On notera que ces réseaux pré-électriques de transport de force pouvaient fonctionner aussi, pour de faibles puissances, en réseaux d'information et de télécommunications:
- réseau postal pneumatique mis en place à Paris en 1870, à l'exemple du réseau londonien, et qui a été supprimé à Paris seulement vers 1980, et qui avait à l'origine visé à pallier la difficulté, du point de vue de l'enchevêtrement des lignes, d'établir un réseau télégraphique entre les bureaux de poste parisiens;
- fonction la plus importante du réseau de distribution d'air comprimé à Paris en 1890: la distribution de l'heure, ce qui relève bien de la sphère de l'information, au moyen de milliers d'horloges pneumatiques.
Nous voyons donc bien toute l'effervescence technique déployée tout au long du XIXe siècle autour du développement des réseaux, même si le terme était encore peu employé dans le grand public.
J'insisterai encore sur le fait que l'essor des réseaux, en dehors de ceux de transport, est lié à celui de la civilisation urbaine, qui est une dimension et un cadre essentiel de la civilisation industrielle.

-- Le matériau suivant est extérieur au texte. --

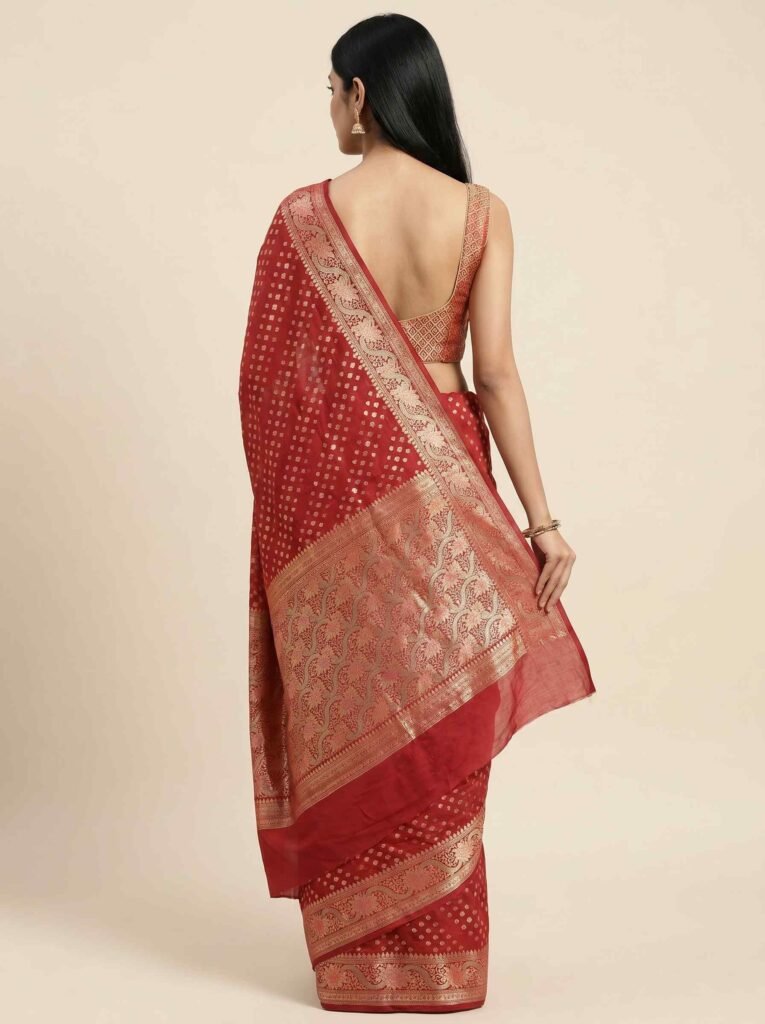 Red Cotton Silk Pure Banarasi Saree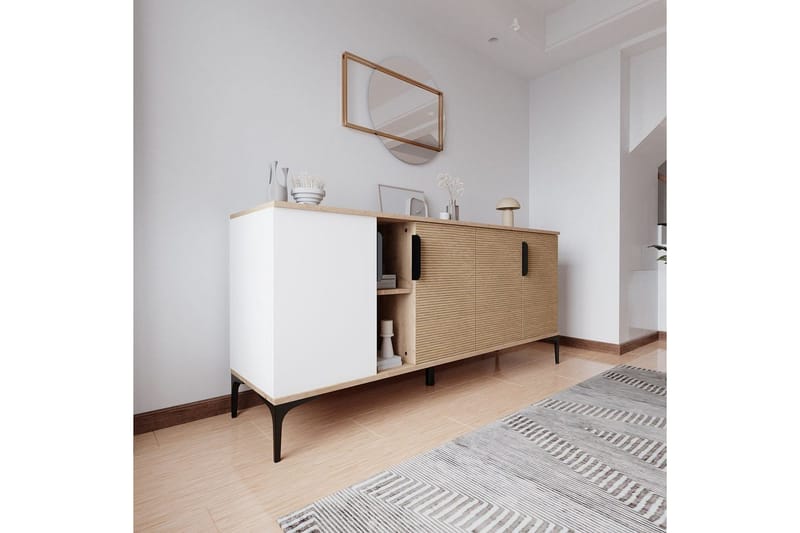 Kunar Konsolbord 180 cm - Hvid/Natur - Møbler - Borde - Aflastningsbord - Entrébord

La ville moderne est par excellence un tissu de réseaux: de transport, d'hygiène et d'assainissement aussi bien que d'énergie et d'information. La ville avait d'ancienneté, et notamment la ville antique, comporté des équipements techniques collectifs, mais en dehors des adduction d'eau et des aqueducs, ceux-ci se présentaient comme des éléments isolés, alors que les réseaux sont devenus le cadre structurant fondamental de la ville moderne.

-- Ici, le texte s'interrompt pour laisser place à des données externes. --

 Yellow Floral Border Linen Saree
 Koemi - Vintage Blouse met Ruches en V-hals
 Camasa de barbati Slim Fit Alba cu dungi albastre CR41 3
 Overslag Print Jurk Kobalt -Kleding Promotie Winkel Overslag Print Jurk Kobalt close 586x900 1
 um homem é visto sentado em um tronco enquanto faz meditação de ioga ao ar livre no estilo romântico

- Discours sur la révolution technique et - implicitement - sur ses conséquences sociales, apparu dès l'aube de l'ère industrielle. On le voit poindre en France dès les années 1790, où l'on croyait pouvoir déjà faire couramment le rapprochement entre le bouleversement politique que connaissait alors la France et celui, d'ordre technique et économique, dont la Grande-Bretagne aurait été alors le théâtre, avec l'essor de la machine à vapeur de Watt. L'idée d'une révolution industrielle était déjà présente, latente, même si l'association entre révolution et industrie ne fut faite dans le vocabulaire que dans les années 1830, favorisée par l'influence du saint-simonisme. Il serait facile de montrer tout ce qu'avait d'idéologique cette expression, qui ne peut qu'être qu'une métaphore. La comparaison avait été suggérée par les événéments politiques en France, à la suite de 1789, et il y eut dès ce moment des esprits pour associer le nouvel ordre politique à un bouleversement technique, et même en appeler la jonction, ainsi sur le thème de la vapeur qui affranchirait de la sujétion à l'énergie hydraulique associée à l'ordre féodal honni. Le temps des événements politiques n'est pas celui de l'évolution économique, qui ne fait pas de sauts.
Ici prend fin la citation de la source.